WORK INSTRUCTIONS :: Repeat the data exactly, leaving out any image.

DATASET EXTRACT ::
....

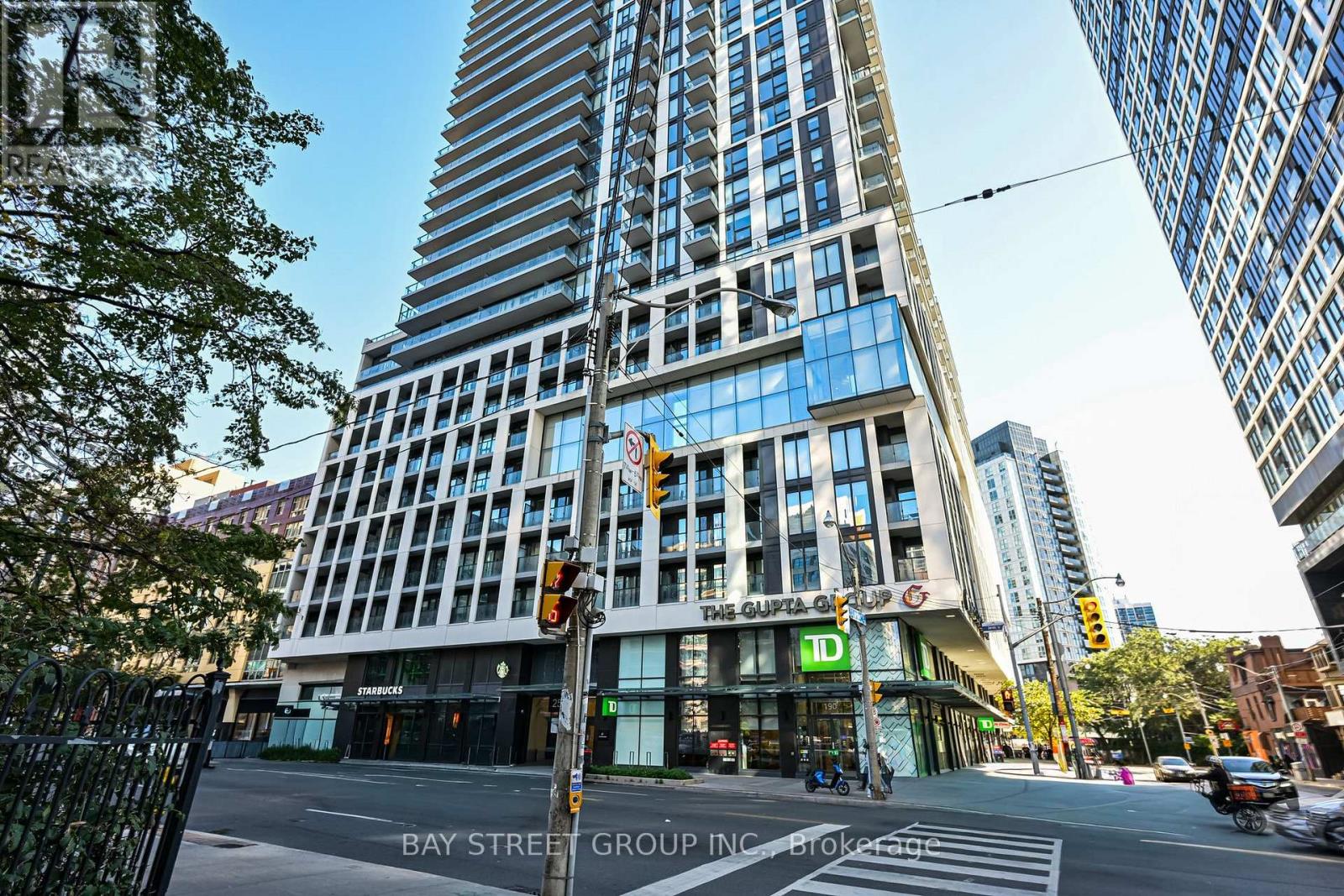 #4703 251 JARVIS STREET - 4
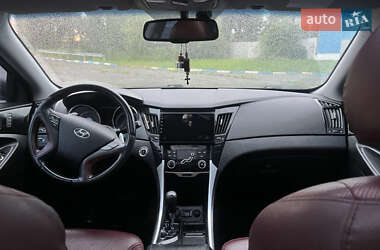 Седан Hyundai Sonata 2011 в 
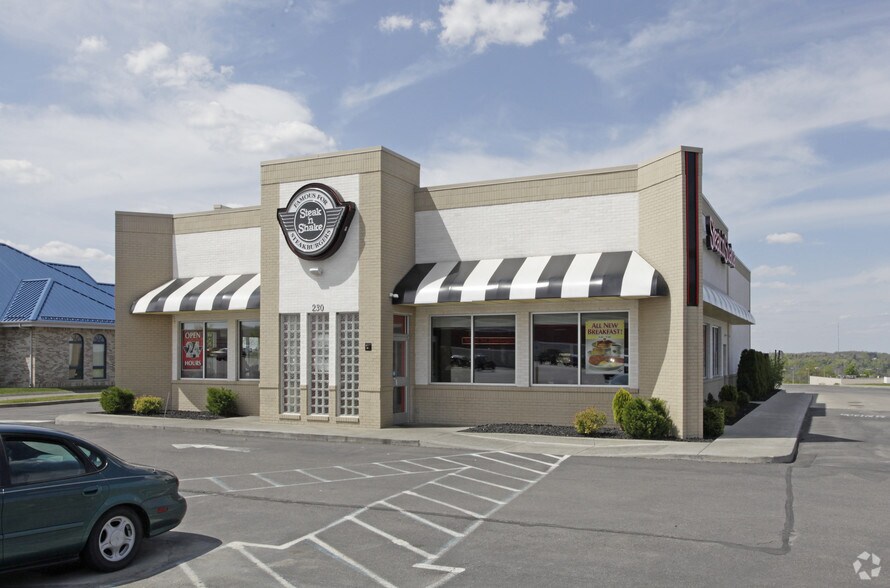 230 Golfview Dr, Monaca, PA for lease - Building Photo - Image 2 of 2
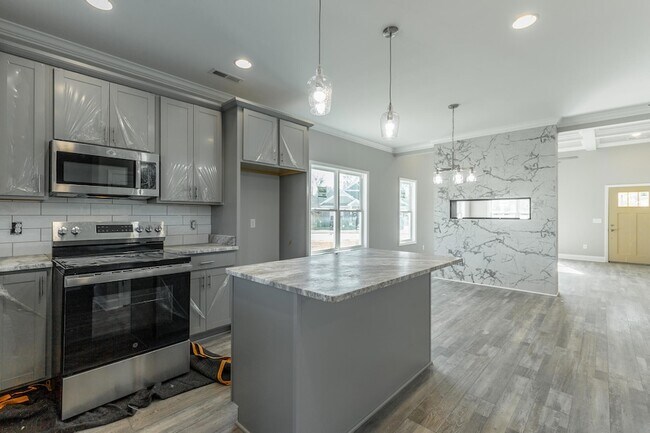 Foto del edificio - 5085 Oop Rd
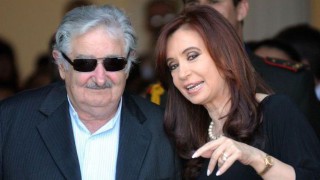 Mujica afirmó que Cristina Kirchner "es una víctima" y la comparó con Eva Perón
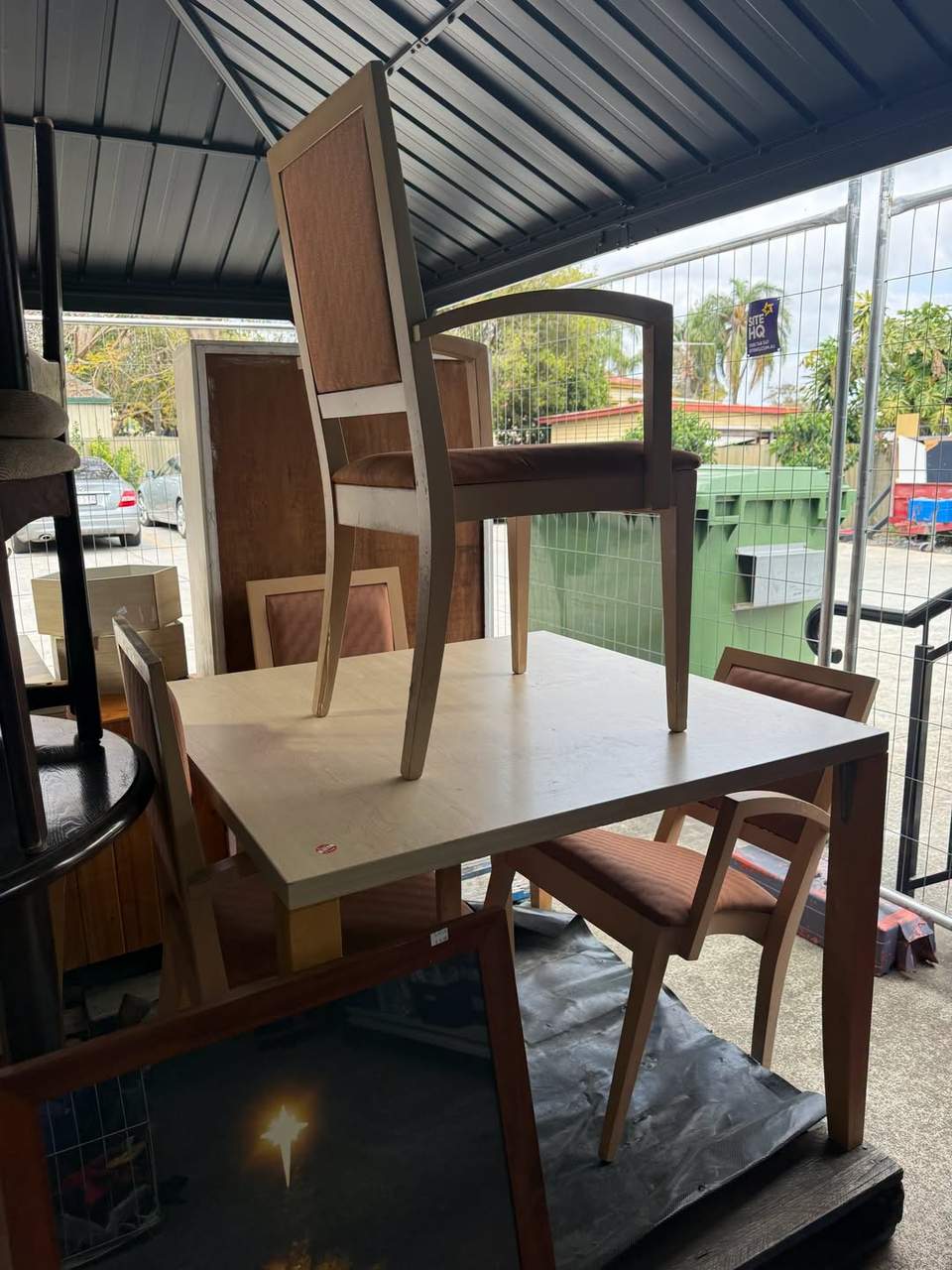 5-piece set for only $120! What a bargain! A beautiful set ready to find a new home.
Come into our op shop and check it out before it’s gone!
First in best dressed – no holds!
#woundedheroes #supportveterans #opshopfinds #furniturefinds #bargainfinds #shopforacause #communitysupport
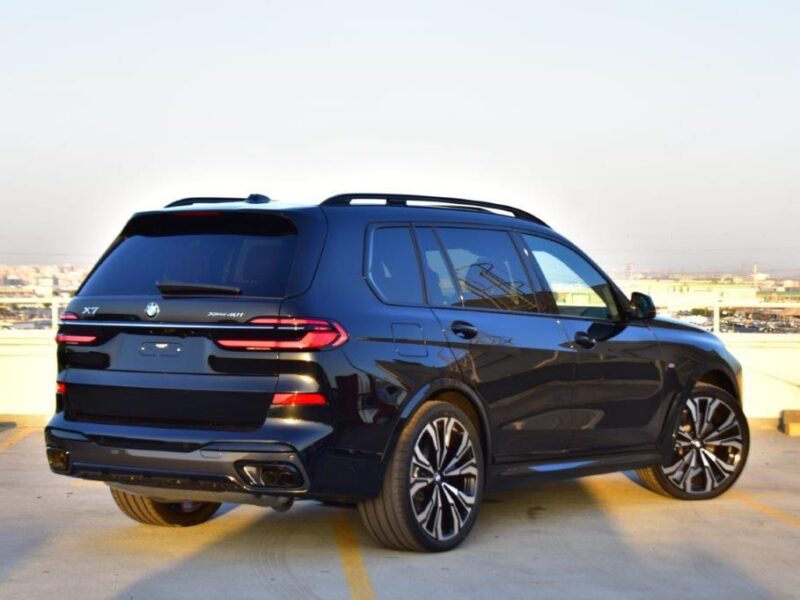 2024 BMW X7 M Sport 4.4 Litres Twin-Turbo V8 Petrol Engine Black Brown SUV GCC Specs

....

OUTPUT FOR THIS TASK ::
 #4703 251 JARVIS STREET - 4
 Седан Hyundai Sonata 2011 в 
 230 Golfview Dr, Monaca, PA for lease - Building Photo - Image 2 of 2
 Foto del edificio - 5085 Oop Rd
 Mujica afirmó que Cristina Kirchner "es una víctima" y la comparó con Eva Perón
 5-piece set for only $120! What a bargain! A beautiful set ready to find a new home.
Come into our op shop and check it out before it’s gone!
First in best dressed – no holds!
#woundedheroes #supportveterans #opshopfinds #furniturefinds #bargainfinds #shopforacause #communitysupport
 2024 BMW X7 M Sport 4.4 Litres Twin-Turbo V8 Petrol Engine Black Brown SUV GCC Specs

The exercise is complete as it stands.